Вдруг позади них вынырнула долговязая фигура Гронау, он подошел, насквозь промокший, забрызганный грязью, но совершенно спокойный.
– Вот и мы! – сказал он, здороваясь. – Мы прямо из Оберштейна и скорее приплыли, чем пришли.
– Мы? – переспросил Эрнст. – С вами Рейнсфельд?

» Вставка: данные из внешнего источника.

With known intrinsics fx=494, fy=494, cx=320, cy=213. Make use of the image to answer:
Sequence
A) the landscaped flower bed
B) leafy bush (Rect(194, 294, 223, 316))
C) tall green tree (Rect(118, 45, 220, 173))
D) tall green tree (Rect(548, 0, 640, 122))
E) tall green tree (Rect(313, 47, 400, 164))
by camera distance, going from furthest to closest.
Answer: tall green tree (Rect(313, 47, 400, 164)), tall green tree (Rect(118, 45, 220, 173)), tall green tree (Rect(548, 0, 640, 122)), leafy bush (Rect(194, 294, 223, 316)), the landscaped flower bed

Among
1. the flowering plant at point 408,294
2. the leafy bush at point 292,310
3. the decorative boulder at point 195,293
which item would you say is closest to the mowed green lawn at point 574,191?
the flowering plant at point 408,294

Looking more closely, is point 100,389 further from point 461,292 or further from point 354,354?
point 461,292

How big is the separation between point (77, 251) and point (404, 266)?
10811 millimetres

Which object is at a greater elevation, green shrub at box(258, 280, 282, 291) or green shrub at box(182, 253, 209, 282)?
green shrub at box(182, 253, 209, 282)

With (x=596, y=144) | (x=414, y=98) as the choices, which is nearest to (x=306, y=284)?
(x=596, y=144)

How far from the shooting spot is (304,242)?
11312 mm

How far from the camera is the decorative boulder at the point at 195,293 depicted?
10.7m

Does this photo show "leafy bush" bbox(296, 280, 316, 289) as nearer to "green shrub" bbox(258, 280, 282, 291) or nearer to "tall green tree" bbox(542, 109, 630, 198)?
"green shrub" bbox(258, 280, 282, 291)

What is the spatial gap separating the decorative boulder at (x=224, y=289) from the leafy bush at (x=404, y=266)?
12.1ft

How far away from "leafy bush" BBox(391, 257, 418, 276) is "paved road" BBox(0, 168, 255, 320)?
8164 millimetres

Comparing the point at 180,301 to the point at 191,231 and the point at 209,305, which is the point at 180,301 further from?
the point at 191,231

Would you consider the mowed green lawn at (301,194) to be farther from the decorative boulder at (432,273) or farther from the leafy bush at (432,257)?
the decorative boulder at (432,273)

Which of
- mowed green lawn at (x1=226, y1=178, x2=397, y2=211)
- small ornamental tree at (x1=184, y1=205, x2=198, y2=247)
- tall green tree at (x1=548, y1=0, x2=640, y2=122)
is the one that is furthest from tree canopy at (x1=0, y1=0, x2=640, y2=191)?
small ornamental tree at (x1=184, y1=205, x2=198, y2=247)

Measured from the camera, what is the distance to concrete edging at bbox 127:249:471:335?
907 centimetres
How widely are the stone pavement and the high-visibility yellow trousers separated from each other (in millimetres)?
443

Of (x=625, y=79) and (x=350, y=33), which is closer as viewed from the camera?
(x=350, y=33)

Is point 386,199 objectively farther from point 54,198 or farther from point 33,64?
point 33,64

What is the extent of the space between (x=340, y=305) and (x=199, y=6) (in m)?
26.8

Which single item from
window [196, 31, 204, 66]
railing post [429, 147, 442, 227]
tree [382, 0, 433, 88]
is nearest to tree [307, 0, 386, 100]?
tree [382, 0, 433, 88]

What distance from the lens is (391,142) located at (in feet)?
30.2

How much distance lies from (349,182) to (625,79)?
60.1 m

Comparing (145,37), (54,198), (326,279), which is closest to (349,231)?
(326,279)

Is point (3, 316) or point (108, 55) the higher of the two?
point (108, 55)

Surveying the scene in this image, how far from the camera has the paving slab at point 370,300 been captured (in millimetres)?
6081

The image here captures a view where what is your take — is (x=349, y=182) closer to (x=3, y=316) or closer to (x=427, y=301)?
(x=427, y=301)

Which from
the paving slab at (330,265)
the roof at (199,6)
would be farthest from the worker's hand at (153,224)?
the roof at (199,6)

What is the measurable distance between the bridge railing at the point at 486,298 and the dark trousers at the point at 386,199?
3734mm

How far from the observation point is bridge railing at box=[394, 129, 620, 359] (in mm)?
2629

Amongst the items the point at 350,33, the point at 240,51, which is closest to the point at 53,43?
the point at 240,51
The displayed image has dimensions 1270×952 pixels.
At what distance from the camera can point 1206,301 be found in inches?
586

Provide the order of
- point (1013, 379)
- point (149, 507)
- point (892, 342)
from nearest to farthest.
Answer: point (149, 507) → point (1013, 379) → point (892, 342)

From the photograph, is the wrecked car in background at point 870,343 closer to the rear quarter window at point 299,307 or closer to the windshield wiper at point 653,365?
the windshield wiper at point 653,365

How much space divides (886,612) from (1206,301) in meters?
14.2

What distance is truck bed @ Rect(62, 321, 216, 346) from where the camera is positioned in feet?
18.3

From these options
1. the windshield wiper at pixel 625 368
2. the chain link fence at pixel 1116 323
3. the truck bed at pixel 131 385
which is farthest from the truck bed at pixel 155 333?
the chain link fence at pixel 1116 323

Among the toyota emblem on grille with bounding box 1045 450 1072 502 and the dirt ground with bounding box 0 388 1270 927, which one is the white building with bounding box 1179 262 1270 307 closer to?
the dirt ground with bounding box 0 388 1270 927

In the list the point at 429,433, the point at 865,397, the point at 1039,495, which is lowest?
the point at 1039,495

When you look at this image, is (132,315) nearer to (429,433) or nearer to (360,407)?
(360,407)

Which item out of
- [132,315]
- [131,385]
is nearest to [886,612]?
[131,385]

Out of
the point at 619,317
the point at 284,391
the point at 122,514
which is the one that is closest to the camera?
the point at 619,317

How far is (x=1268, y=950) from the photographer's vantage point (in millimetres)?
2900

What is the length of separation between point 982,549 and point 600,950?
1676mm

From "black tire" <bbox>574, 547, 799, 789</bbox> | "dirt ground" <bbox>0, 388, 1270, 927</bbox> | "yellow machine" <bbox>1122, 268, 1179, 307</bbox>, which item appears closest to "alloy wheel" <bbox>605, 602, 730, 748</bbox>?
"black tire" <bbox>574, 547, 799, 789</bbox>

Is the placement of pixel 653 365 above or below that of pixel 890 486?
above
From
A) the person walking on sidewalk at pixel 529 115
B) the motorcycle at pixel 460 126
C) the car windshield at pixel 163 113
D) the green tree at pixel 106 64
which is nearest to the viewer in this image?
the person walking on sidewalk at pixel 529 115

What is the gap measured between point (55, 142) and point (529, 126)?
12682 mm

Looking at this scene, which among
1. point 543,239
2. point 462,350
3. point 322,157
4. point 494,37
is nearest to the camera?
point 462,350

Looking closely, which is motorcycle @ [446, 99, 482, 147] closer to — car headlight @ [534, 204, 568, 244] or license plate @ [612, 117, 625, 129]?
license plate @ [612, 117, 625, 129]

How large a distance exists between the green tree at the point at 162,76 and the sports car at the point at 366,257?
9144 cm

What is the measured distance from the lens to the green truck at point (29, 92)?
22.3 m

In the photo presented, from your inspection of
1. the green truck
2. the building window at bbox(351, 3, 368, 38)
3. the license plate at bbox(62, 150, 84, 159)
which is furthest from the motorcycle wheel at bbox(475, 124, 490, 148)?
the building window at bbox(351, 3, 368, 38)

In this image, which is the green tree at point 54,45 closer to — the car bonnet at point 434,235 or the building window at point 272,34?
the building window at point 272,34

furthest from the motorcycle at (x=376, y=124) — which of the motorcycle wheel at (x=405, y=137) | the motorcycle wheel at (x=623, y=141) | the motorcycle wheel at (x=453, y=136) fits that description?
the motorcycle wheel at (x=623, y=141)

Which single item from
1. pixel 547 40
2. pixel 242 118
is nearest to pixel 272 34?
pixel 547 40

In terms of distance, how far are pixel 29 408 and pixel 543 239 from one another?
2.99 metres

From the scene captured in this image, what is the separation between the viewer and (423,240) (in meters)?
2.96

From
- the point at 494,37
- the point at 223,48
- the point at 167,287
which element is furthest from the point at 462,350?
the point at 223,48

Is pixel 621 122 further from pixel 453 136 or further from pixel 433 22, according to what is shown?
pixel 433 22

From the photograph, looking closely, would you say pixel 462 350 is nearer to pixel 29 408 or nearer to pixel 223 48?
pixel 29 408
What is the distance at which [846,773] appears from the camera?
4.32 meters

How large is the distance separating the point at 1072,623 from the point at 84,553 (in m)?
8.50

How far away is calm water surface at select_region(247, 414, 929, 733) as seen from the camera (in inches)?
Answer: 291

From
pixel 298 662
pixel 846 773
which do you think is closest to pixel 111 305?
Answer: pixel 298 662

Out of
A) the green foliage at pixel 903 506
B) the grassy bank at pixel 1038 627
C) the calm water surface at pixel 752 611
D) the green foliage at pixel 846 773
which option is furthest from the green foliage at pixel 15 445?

– Конечно. Нам немало труда стоило образумить оберштейнцев и убедить их, что их гнезду не грозит опасность. Это была нелегкая работа, но наконец они поняли. Однако не успели мы покончить с этим делом, как явился посыльный от главного инженера звать доктора, потому что во время работ произошло несколько несчастных случаев. Добряк-доктор, понятно, сейчас же побежал сюда, как угорелый, а я пошел с ним, подумав, что пара здоровых рук везде пригодится. И оказалось, это была неглупая мысль. Пока я пристроился помощником при лазарете вон в той сторожке и пришел сюда только на минутку показаться вам, у нас там полно работы.
– Значит, были уже несчастные случаи? Надеюсь, нет тяжелораненых? – поспешно спросила Эрна.
– Одного унесло потоком, и его выловили всего израненного, доктор думает, что он едва ли выживет; другого ударило по голове обвалившейся глыбой земли, он тоже между жизнью и смертью; остальные легко отделались.
– Если доктору Рейнсфельду нужна еще помощь, пусть распоряжается мною! – объявила молодая девушка и уже готова была повернуть лошадь к указанному домику сторожа.
– Благодарю, мы справимся одни, – сказал Гронау, а Вальтенберг с удивлением обернулся и посмотрел на невесту, воскликнув:
– Что с тобой, Эрна? Я думаю, найдутся другие руки, ведь ты слышишь, Гронау помогает доктору. К чему же это ненужное геройство?
– Потому что я не в состоянии оставаться праздной и безучастной, когда все работают, напрягая последние силы.
В ответе молодой девушки выражался откровенный упрек, но Эрнст не пожелал понять его.
– Ну, по крайней мере, безучастной тебя никак нельзя назвать: тебя буквально трясет лихорадка от возбуждения, – холодно заметил он. – Но ты сказала правду, люди в самом деле делают все, что могут, хотя постоянно подвергаются опасности.
– Это потому, что впереди них главный инженер, – подхватил Гронау. – Если бы он не был всюду первым и не показывал им, как надо презирать опасность, они, наверное, призадумались бы и отказались от дела, такой вожак увлекает за собой даже малодушных. Вот он стоит на самой середине дамбы, которую, того и гляди, снесет водой, и командует так, будто повелевает всем горным миром! Уже три дня он воюет с этой проклятой феей Альп, которая на сей раз, кажется, совсем взбесилась, и вот увидите – ему удастся угомонить ее. Однако мне пора назад, к доктору! Храни вас Бог!
Гронау ушел, и Нордгейм, вернувшийся в это время к своим спутникам, видел, как он исчез в дверях сторожки. Он невольно вздрогнул. Появление этого человека показалось ему лишним дурным предзнаменованием, оно напомнило ему еще об одной грозной опасности, отступившей на задний план только из-за катастрофы, которой было бы совершенно достаточно.
Короткий разговор с Вольфгангом отнял у Нордгейма последнюю тень надежды. Если бы пришлось уступить и верхний участок, то что же осталось бы от всех построек, которые поглотили миллионы и которые он не имел уже возможности восстановить в том же виде? Он с самого начала был главным собственником дороги, а в последнее время, в надежде на прибыль при ее передаче, еще скупал акции, и таким образом весь ужасающий убыток падал почти на него одного. Он знал, что его состояние, вложенное во многие другие предприятия, не выдержит такого удара, а если еще Гронау исполнит свою угрозу и открыто выступит с обвинением, все погибнет. Миллионер, твердо стоящий на ногах, может быть, и мог спокойно встретить его, но человека, под которым колеблется почва, оно должно будет окончательно добить. Нордгейм знал свет, мнением которого так часто хладнокровно манипулировал.
Теперь от его хладнокровия и энергии не осталось и следа. Этот человек, которого всю жизнь баловала удача, не мог поверить, чтобы она так безвозвратно покинула его. Он всегда был лишь смелым, умным дельцом, а не сильным характером, и перед первым же ударом судьбы растерялся самым жалким образом. Полный глухого отчаяния, смотрел он на работающих людей, которыми опять руководил главный инженер.